À vrai dire, il avait du mal à ressentir de la compassion envers ce garçon. Il était comme lassé de ce perpétuel mépris qu'adoptait envers lui Maxime. « Est-il idiot pour ne pas voir à quel point cela fait du mal à sa mère ? ». 

Fabien avait l'impression d'avoir tout essayé, tout tenté. D'avoir fait des concessions énormes, aussi. D'avoir sacrifié beaucoup de chose sur l'hôtel de ce que sa mère aimait autrefois appeler « cohésion familiale ». Mais rien. Aucun résultat, et toujours cet air insolent qu'avait le jeune garçon à son égard.

Soupirant, l'homme se décida à boire enfin sa tasse. La sensation du liquide chaud coulant dans sa gorge et du goût amer du mauvais café se répandant sur sa langue, le ragaillardis quelque peu. Claquant des lèvres en signe de satisfaction, il jeta son gobelet dans l'une des trois grosses poubelles rouges de la cafeteria, avant de se diriger d'un pas sûr vers la sortie. 

Il slaloma entre les tables, évitant tant bien que mal de marcher sur les pieds de ses collègues, attablés à trois ou quatre autours d'un verre. Il était quatre heures et demi, et beaucoup des employés de la société estimaient qu'il était temps pour eux de prendre une pose, avant de rataquer le rythme effréné de leur travail, et ce jusqu'à sept heures du soir. Mais Fabien, de nature besogneuse, n'était pas exactement de leur avis. Voilà pourquoi, sa boisson bue, il se dépêchait de retrouver le calme rassurant et aseptisé de son bureau. 

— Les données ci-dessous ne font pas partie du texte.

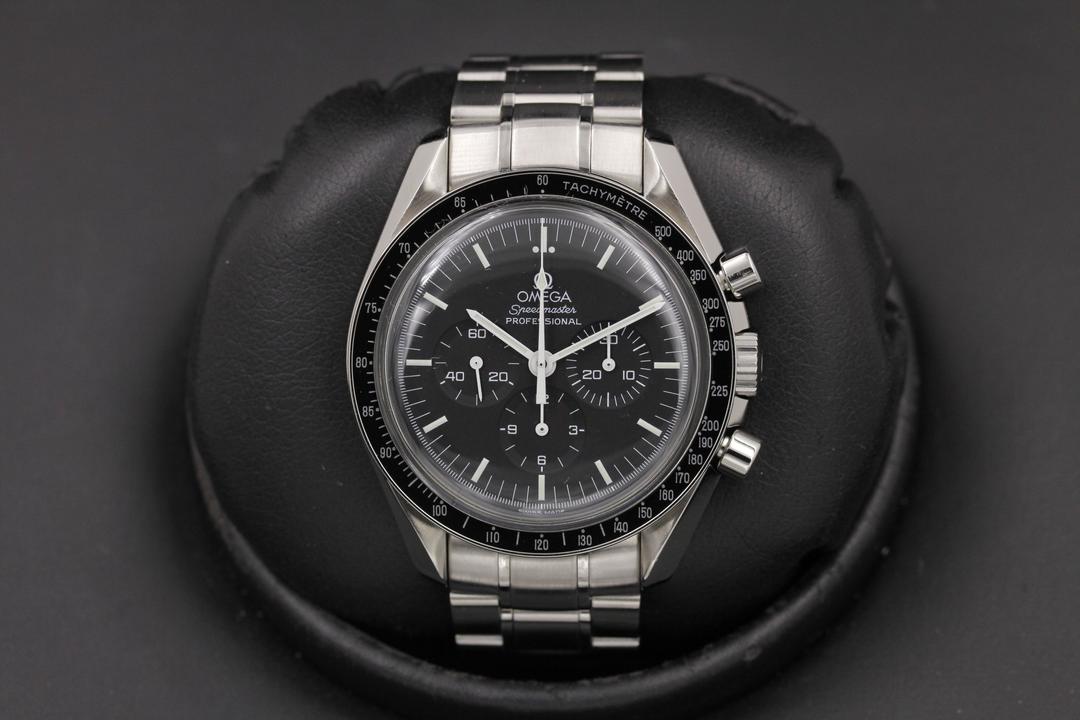 Omega Speedmaster "Hesalite Sandwich" 3572.50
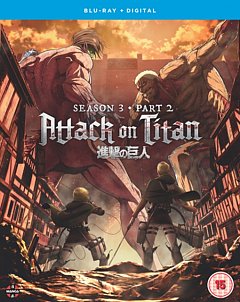 Attack On Titan: Season 3 - Part 2 2018 Blu-ray / with Digital Copy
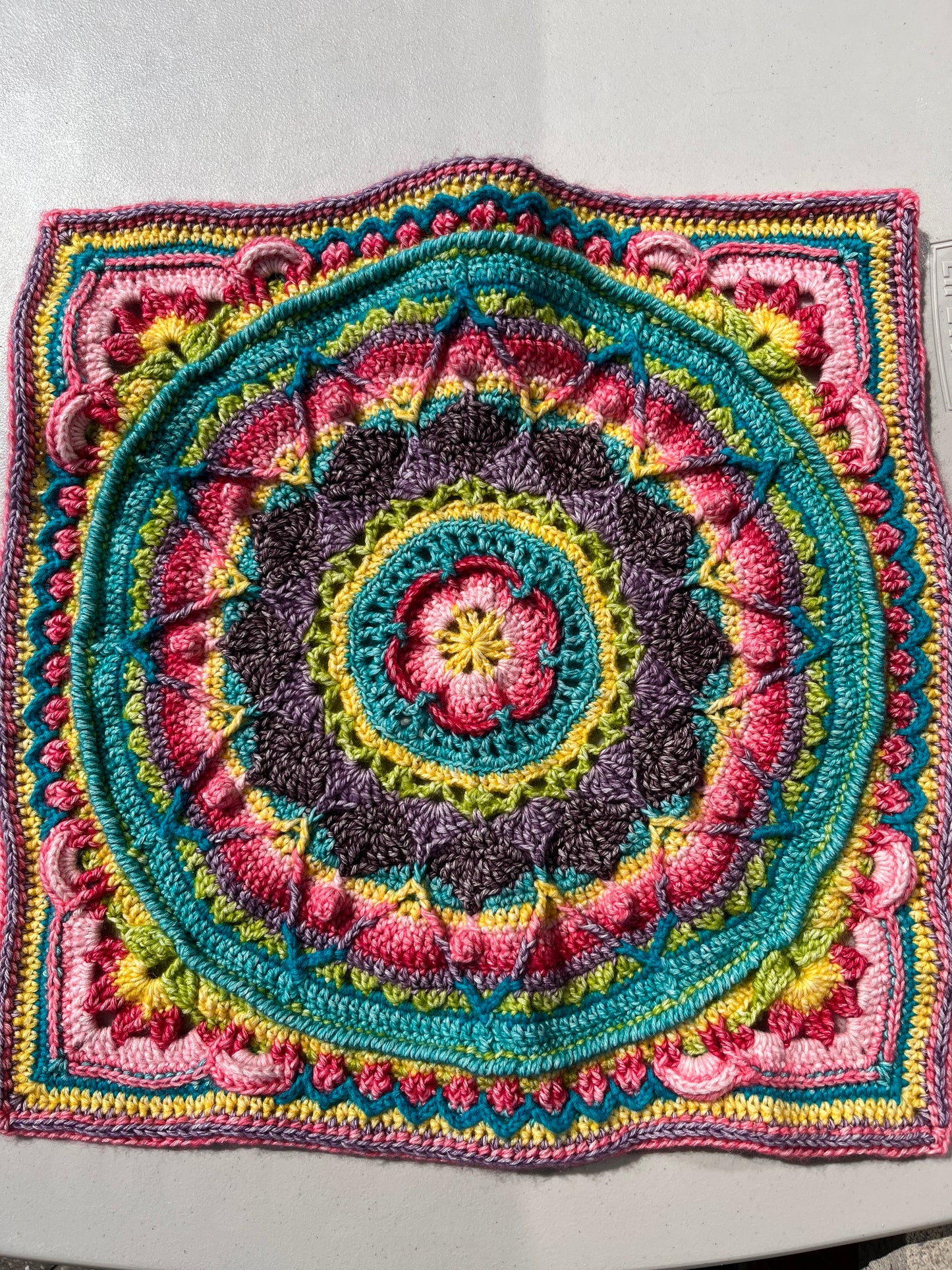 Sophie's Universe Handmade Stone Washed Square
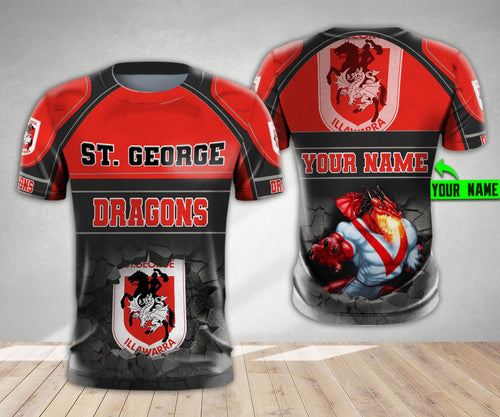 personalized-st-george-dragons-3d-hoodie-nrl-3d-hoodie-broken-wall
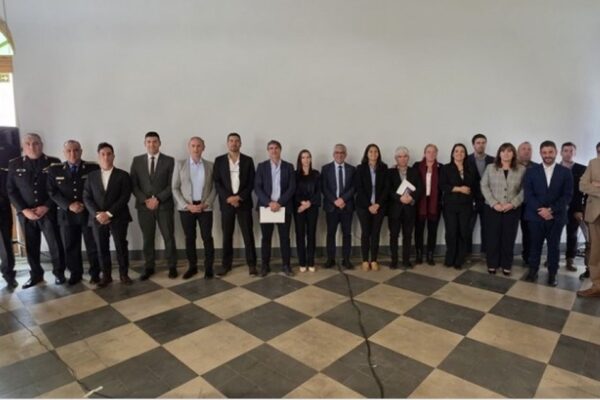 SAN JUAN PARTICIPÓ DEL PLAN REGIONAL DE SEGURIDAD JUNTO A MENDOZA Y SAN LUIS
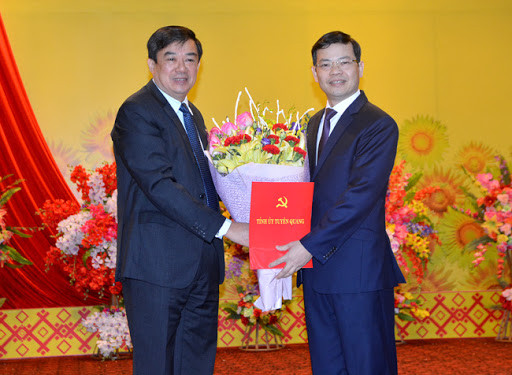 Ông Sơn từng đảm nhiệm nhiều chức vụ tại Tuyên Quang như Bí thư Tỉnh đoàn; Chủ tịch Hội Liên hiệp thanh niên tỉnh; Trưởng ban Tuyên giáo Tỉnh ủy; Bí thư Thành ủy Tuyên Quang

Enfin en dehors, l'homme pressa le pas pour s'éloigner du brouhaha, vite étouffé par un léger vent froid qui sifflait à ses oreilles. La cafétéria se trouvait dans un bâtiment détaché des autres, comme si l'architecte avait voulu en faire une petite oasis d'oisiveté dans cet espace où le sérieux régnait en maître.

Fabien était à quelques mètres de la porte du hall, quand la silhouette de son chef, Pierre Lafabre, apparut dans l'encadrement de la porte du bâtiment mitoyen. Le chef des programmations semblait passablement énervé.

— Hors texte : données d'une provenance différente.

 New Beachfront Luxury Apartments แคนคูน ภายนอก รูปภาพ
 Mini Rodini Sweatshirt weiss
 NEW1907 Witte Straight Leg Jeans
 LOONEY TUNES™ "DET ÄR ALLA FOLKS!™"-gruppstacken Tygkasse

- Bonjour M. Lafabre fit Fabien, lorsqu'il fut à sa hauteur

- Ah ! Mr. Dulcose... excusez-moi je n'ai pas le temps de discuter. On se retrouve dans une heure en bas, je veux voir les progressions sur l'algorithme, c'est d'accord ?

- Très bien...

Mais sa réponse n'avait pas dû parvenir aux oreilles de l'homme, déjà loin. Fabien resta un instant à le regarder disparaître dans le bâtiment de la cafétéria.

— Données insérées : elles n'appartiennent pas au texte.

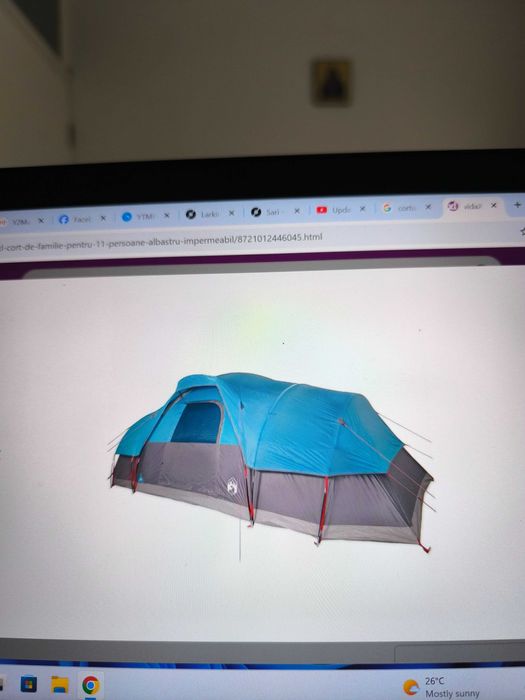 Cort camping de familie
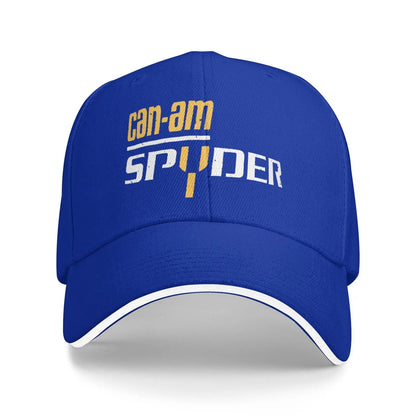 Can Am Spyder Retro Outdoor Snapback Baseball Cap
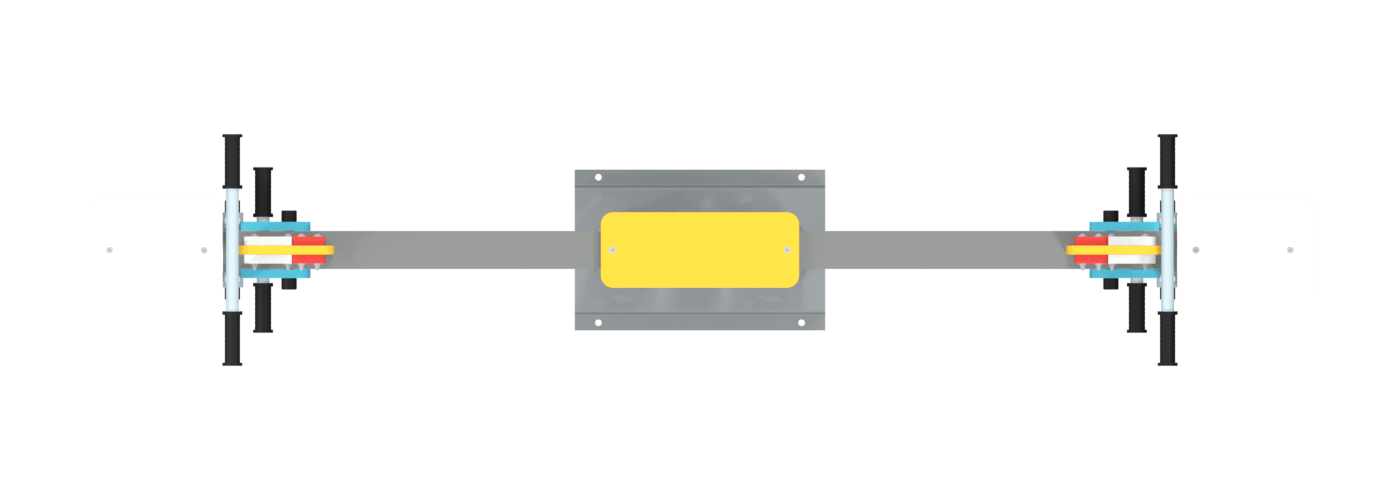 Circles and Blocks — Top view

Depuis que Mr. Lafabre était arrivé dans l'entreprise, l'opinion de Fabien à son égard avait beaucoup évolué. De méfiant (il avait même oublié la raison exacte de cette méfiance.), il était passé à reconnaissant. Puis cette reconnaissance s'était muée en une sorte de profonde dévotion envers cet homme. Cependant, les charmes de sirène de Mr. Lafabre n'avaient d'effet que sur Fabien. En effet, la plupart des employés d'Ignicurs, voyaient d'un mauvais œil ses activités, et les potins allaient bon train, traversant les couloirs dans un bruissement de chuchotis, tel autant d'insectes indésirables d'une jungle tropicale. Pour Fabien, ce ne pouvait être que des jaloux qui médisaient de cet homme, qui était pour lui l'idéale du mâle fort. Il était celui qui savait s'imposer. Son exact opposé. Celui qu'il aurait aimé être. Celui qu'il n'était pas. 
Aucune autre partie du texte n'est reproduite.